Regardless of well control and petrophysical data available, the extreme heterogeneity of the McMurray pay makes a priori forecasting of SAGD performance problematic because interbedded sand lenses can form tortuous but continuous paths that are not discernible from delineation wells. The main objective of the Phase A test was to resolve this uncertainty by direct measurement of the SAGD rate in a minimal volume of reservoir. Phase A consisted of three pairs of horizontal wells (Fig. 2). Each well pair had a producer completed low in the pay zone and an injector parallel to and ˜5 m above the producer. The well pairs were nominally spaced 25 m apart, and the effective length of the completions was 55 m. The pattern also contained 26 temperature, pressure, and geotechnical observation wells drilled vertically from surface.
Ref. 5 describes the geology of the Phase A site. Fig. 3 is a cross section through the middle of the pilot, and Table 1 lists some key petrophysical parameters for the UTF site that are typical of the McMurray formation throughout the Athabasca region.
Units E and G, comprising most of the bottom half of the pay, were high-quality, essentially continuous sand bodies that were highly saturated with bitumen. The top half of the pay, Unit D, was interbedded and bioturbated sand, silt, and claystones. The sand lenses were all well-saturated.
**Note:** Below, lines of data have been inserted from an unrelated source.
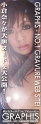 a468e929
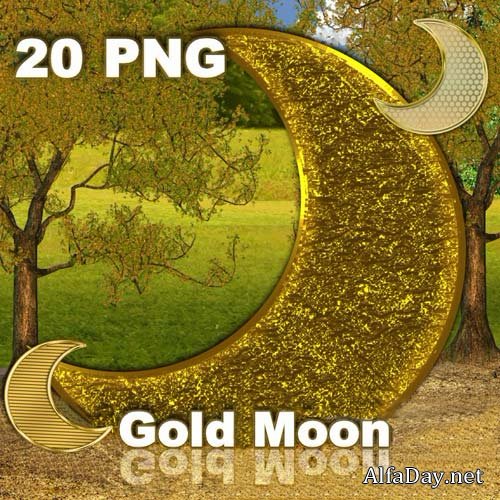 ������� ��� �������� - ������� ����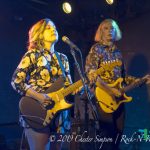 Filthy Friends and Dressy BessyFilthy Friends and Dressy Bessy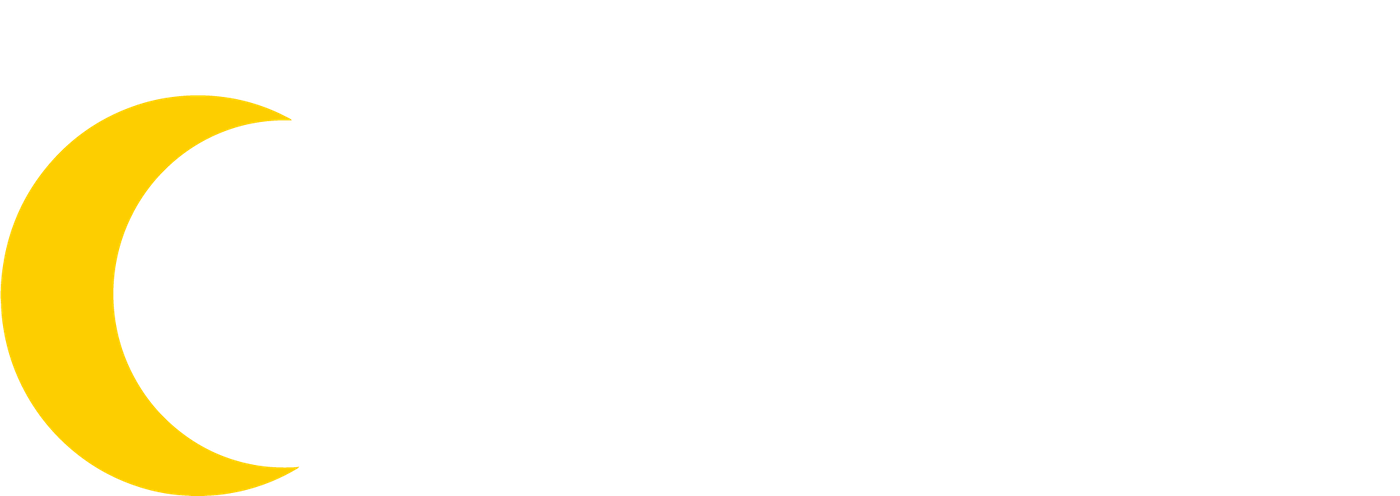 Second partner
Unit F consisted of muds and silts that were interbedded with sand lenses and heavily bioturbated. This unit separated the injectors and producers for two of the well pairs, Pairs Al and A3. The other pair, Pair A2, was deliberately drilled so that both wells were above this partial barrier.
At the cold initial reservoir temperature (7°C), bitumen is extremely viscous and connate water is immobile. Mobility in the reservoir is so low that superficial oil-phase velocities can be measured in feet per year, even under huge pressure gradients. This precludes direct convective heating as in a classic steamflood displacement.
Completions design6 was considered critical to the success of the Phase A test. Massive sand influx into the wellbore had been encountered by previous operators in the region and was considered the most likely cause of possible test failure. In addition, the liners had to be large enough to prevent large pressure gradients, especially in the injection well, because excessive pressure gradients in the wells also appear in the steam chamber and interfere with gravity stabilization of drainage over the length of a well pair.7
All wells were completed with l4-cm liners, made up of alternating sections of blank casing and sand control screens, run into open hole (Fig. 4). Conventional wire-wrapped screens were used in two well pairs, and a steel-wool-filter design was used in the third pair. Tubing strings were landed near the end of each liner to provide circulation of hot fluids throughout the length of each well.